WORK ORDER. Search the listing for the word "Winners" and copy every line where it turns up.

↓

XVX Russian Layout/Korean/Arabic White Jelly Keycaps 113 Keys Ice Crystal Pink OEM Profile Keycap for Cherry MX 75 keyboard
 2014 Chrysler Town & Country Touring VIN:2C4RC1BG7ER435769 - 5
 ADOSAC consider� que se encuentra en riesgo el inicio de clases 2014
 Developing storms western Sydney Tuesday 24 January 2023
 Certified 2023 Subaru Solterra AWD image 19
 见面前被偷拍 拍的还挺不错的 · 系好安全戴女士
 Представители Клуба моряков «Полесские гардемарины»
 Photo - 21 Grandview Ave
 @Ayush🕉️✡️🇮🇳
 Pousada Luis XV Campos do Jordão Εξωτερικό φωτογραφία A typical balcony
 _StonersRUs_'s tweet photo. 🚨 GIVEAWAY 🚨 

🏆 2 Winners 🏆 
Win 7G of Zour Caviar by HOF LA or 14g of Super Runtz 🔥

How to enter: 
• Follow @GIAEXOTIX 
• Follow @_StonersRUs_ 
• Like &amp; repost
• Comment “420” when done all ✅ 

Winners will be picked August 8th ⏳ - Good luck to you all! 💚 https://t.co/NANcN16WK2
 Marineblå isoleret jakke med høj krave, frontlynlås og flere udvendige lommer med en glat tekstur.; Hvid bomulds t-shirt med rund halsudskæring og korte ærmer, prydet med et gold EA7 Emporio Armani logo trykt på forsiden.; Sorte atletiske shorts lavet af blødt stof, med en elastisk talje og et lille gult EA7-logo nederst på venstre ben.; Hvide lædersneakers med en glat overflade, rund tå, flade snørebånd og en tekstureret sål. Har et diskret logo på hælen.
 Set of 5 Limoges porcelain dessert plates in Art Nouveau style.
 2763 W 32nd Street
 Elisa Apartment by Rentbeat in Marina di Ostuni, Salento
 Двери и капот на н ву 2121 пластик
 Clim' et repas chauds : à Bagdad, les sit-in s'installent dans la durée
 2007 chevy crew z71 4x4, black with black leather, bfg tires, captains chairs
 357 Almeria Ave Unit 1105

↑

EXERCISE OUTPUT.
🏆 2 Winners 🏆 
Winners will be picked August 8th ⏳ - Good luck to you all! 💚 https://t.co/NANcN16WK2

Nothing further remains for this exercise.